Topstitching is one of those sewing tasks that can seem daunting. Your stitches on full display, whether they are straight or wonky, along a straight tangent or veering off track. For me, they tend to be a hit or miss enigma. So, I decided to do a little research into how to get perfect topstitching and I will share that here with you.
To start, we need to know that a topstitch is a stitch that is both functional and decorative. It can elevate the look of a garment from ordinary to WOW! Not only are they beautiful to look at, top stitching helps hold your facings in place, strengthen seams, and allows seams to sit flat.
If you are joining us for the Laura Dress sewalong, topstitching is essential to the look of your garment. It helps to pronounce the beauty of the center back and armhole seam and anchors down the neckline facing. Also check out other Rebecca Page patterns which would benefit from amazing top stitching like the Kingston, Jo, Joe, and Joey… etc…etc
Let’s Get Topstitching
Your choice of thread is going to be a focal point of your stitch. Use the best quality you can get your hands on. Where possible, use a topstitching thread. Seen below as the thicker thread, this allows your amazing topstitching to stand out even more. If you are using all purpose poly/cotton thread, be sure to use the best one you can because the sheen of a good quality thread will lift your work up to new heights.
Another consideration to your choice of threads is the type of fabric you are sewing. A heavier weight fabric like denim or corduroy will benefit from topstitching in a topstitch weight thread, whereas lighter, drapier fabrics like lawn and rayon would not. They would look better with an all-purpose thread.
Also on threads, you have a choice between a thread colour that matches your fabric and one that is complementary. A contrasting shade is eye-catching and added incentive to attempt neat topstitching. I sometimes tend to topstitch in a shade that’s close to the colour of my garment when I am uncertain of its outcome. This is perfectly alright. Making an attempt is what matters most.
Depending on the thread you have chosen in option 1, you would want to select the appropriate needle. Most brands of needles carry a topstitching needle option. As seen below, these come with a larger eye made specifically to accommodate the topstitching width thread which is thicker in diameter.
Alternately, a twin needle is an excellent tool for some amazing topstitches.

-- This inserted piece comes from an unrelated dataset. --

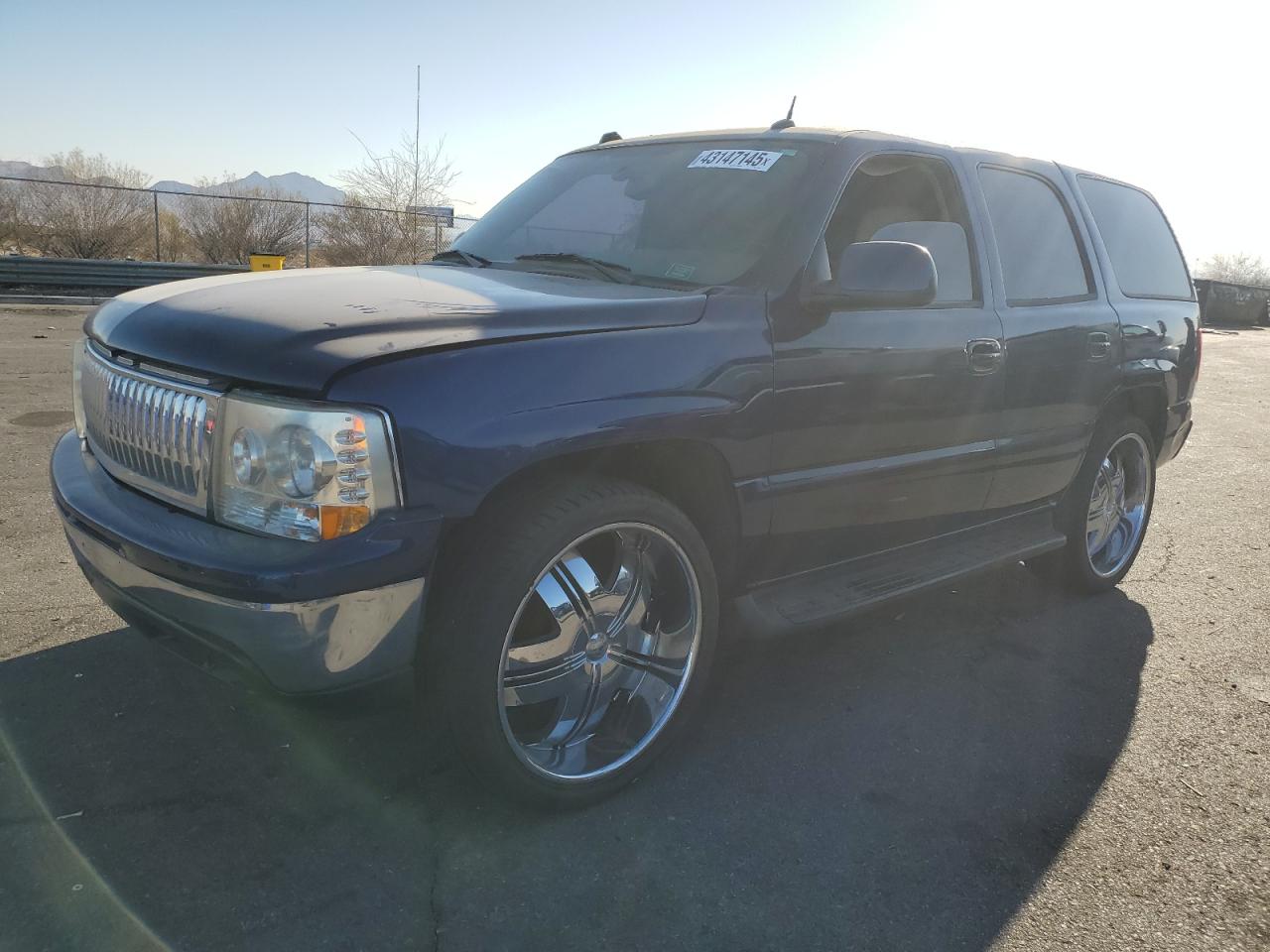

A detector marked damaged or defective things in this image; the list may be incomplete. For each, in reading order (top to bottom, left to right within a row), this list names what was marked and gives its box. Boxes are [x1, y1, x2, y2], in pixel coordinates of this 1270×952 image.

cracked asphalt [0, 306, 1264, 952]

When your stitches don’t turn out looking good, tension is usually the culprit. And its difficult to pinpoint what your ideal tension should be because each machine is different. Play around with your settings to see which one suits your purpose best. Its essential to always test your topstitching with the exact thread, needle, and fabric that you will be using. I would emphasise here that the fabric needs to be the same (a scrap piece of course; those pattern offcuts work perfect here) to emulate the result that you will see on your garment. The reason this is so is because different fabrics respond to topstitching differently. Denim would need a different setting than would lawn.
- Stitch Length
Generally for topstitching, I prefer to use a stitch length of 4.0 This is larger than what I use to sew in seams because the intention of topstitching in most areas is to add detail and a larger stitch length displays this detail better than a shorter one.

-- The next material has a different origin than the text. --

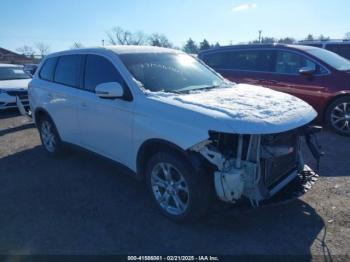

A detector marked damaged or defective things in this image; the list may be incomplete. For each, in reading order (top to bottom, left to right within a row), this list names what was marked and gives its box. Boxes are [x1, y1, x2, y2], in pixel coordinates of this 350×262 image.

damaged front end [191, 126, 322, 207]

When starting and stopping your topstitch, do not backstitch to lock the seam in. Choose instead to knot the loose threads on the wrong side of the fabric to ensure a cleaner finish.

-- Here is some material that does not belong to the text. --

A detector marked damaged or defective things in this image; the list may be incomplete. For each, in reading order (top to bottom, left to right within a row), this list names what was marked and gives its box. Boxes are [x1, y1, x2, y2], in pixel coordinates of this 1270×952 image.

Here are some additional tips that will help you achieve your desired result.
- Always base your sewing line on a visual marker. Mine tends to be the seamline that binds the two pieces together, or the edge of the fabric. If the area you are planning to topstitch does not have a visual marker, you could use a presser foot that has a length indication or you could draw your topstitch seam line in with a washable fabric pen or tailoring chalk prior to sewing.
- When you press topstitched areas, be sure to gently lift and press your iron rather than dragging it across the surface of the fabric. I tend to prefer to lift my iron away from the surface of the topstitching, especially in small areas of work, with the steam function turned on at full effect and steam iron the topstitching instead. Alternatively, you could use a pressing cloth to make sure you don’t accidently damage your hard work.
- Practice, practice practice. Whenever you can, make it a point to practice your stitches and you will find that you will get better in time.